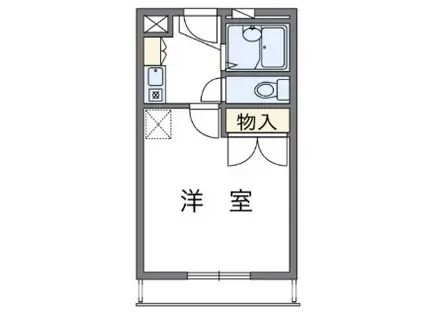 パレス昴(1K/3階)の間取り写真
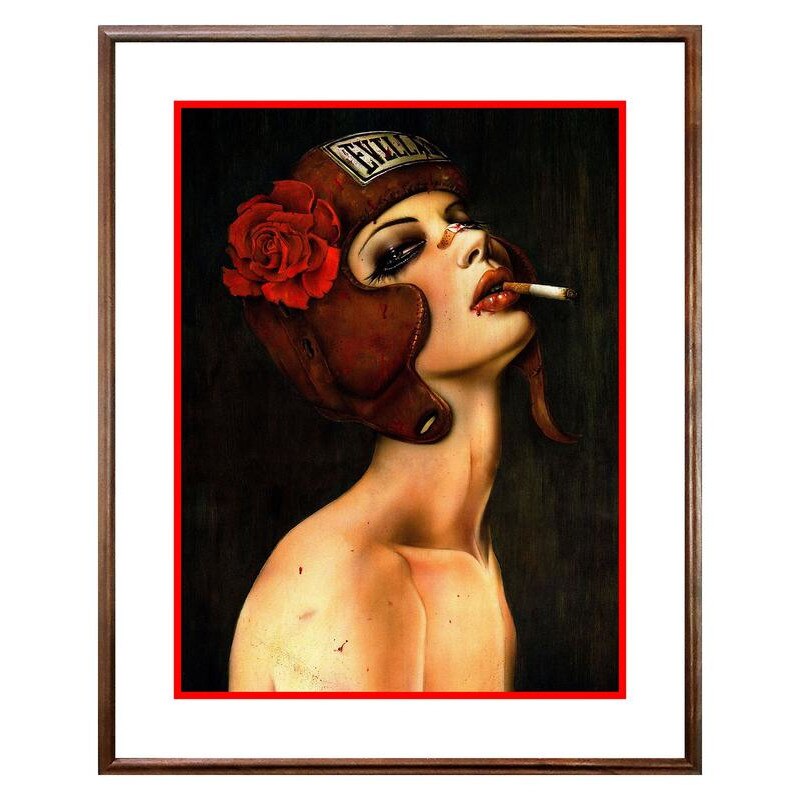 Tablou Decorativ - Club, Restaurant, Bar, Hotel, Cafenea - Smoking Girl - BRC-146, 40 x 50 cm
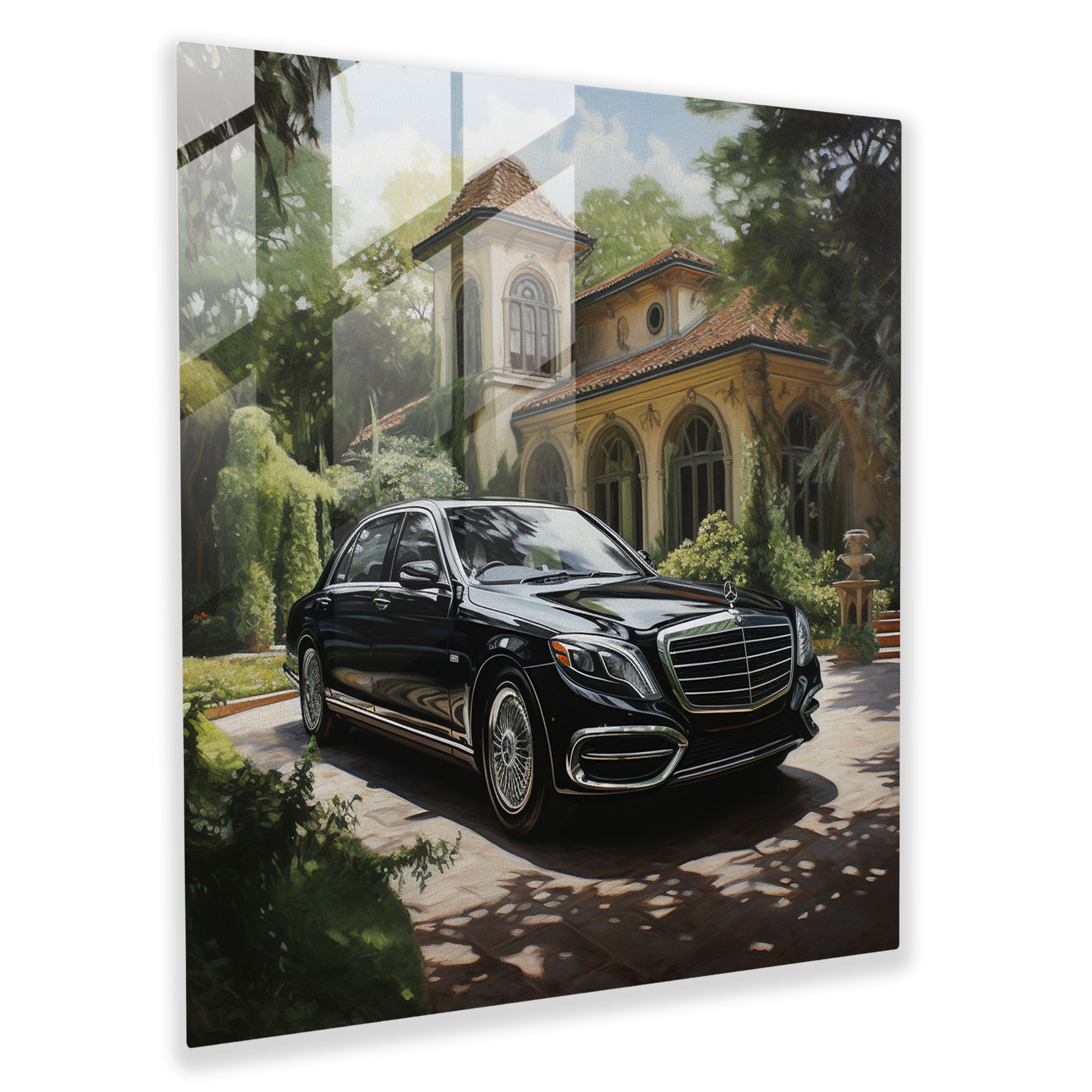 Glasbild Mercedes: Realistische Luxusvilla - Modern Art Wanddekoration Luxusvilla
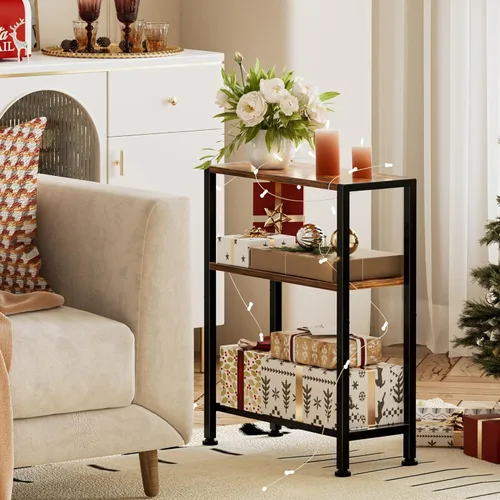 Vista 3 de Mesa auxiliar estrecha para espacios pequeños, mesa auxiliar pequeña de 2 niveles con soporte para estantes, mesita de noche delgada, mesa de sofá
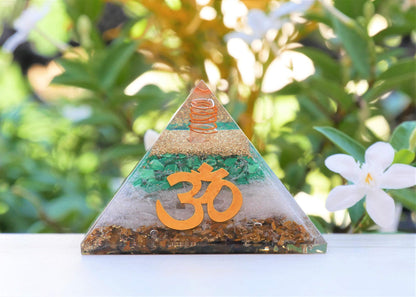 55mm orgone pyramid Tiger Eye, Selenite & Green Malachite protection crystals reiki healing stones, organite pyramid for good luck gift for women men gemstone crystal chakra charm orgonite collection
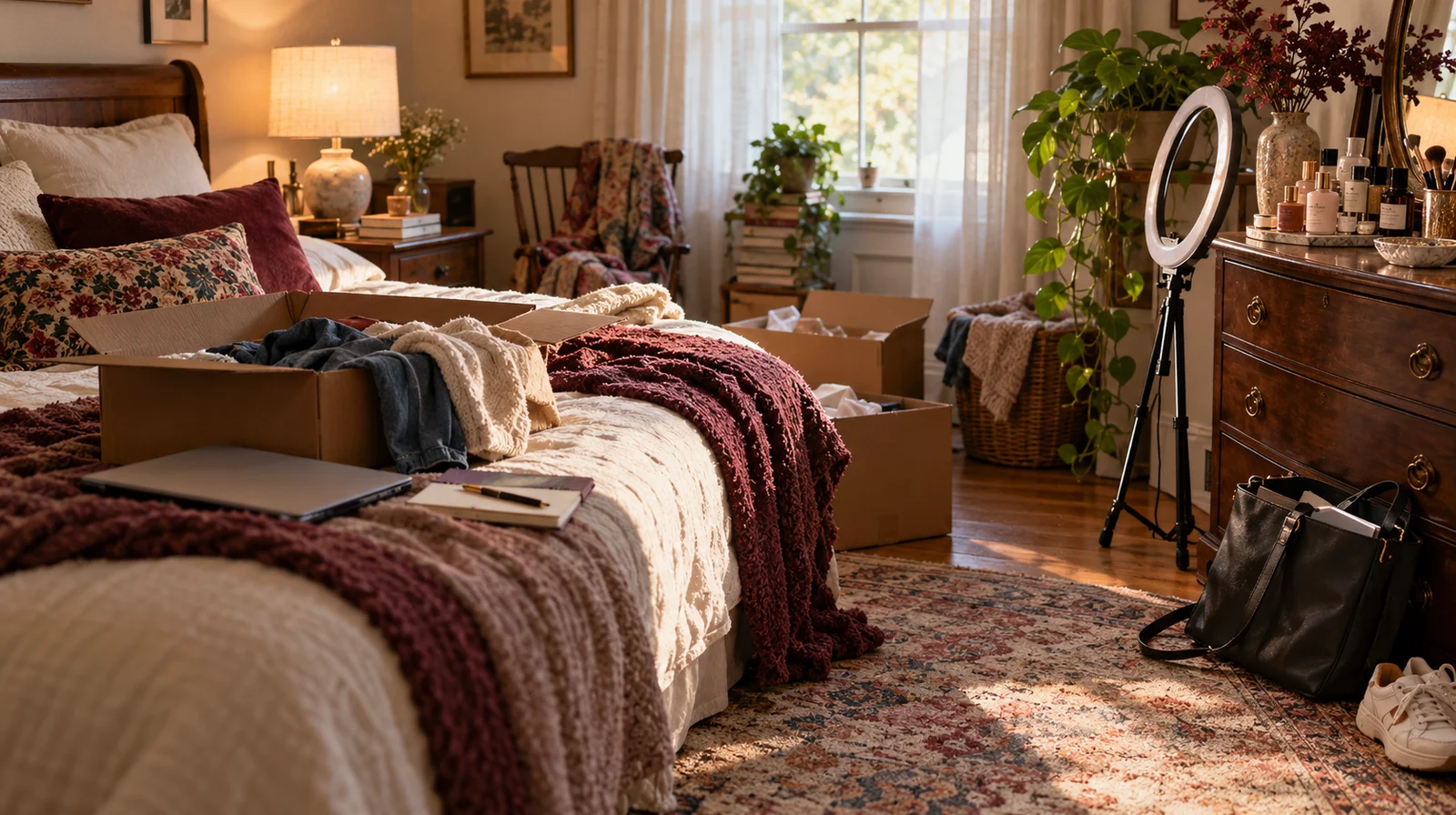 A warm guest bedroom with moving boxes, a ring light and two generations of belongings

————

The listing should be transcribed in full, exactly, and without its pictures.

= Result =
 パレス昴(1K/3階)の間取り写真
 Tablou Decorativ - Club, Restaurant, Bar, Hotel, Cafenea - Smoking Girl - BRC-146, 40 x 50 cm
 Glasbild Mercedes: Realistische Luxusvilla - Modern Art Wanddekoration Luxusvilla
 Vista 3 de Mesa auxiliar estrecha para espacios pequeños, mesa auxiliar pequeña de 2 niveles con soporte para estantes, mesita de noche delgada, mesa de sofá
 55mm orgone pyramid Tiger Eye, Selenite & Green Malachite protection crystals reiki healing stones, organite pyramid for good luck gift for women men gemstone crystal chakra charm orgonite collection
 A warm guest bedroom with moving boxes, a ring light and two generations of belongings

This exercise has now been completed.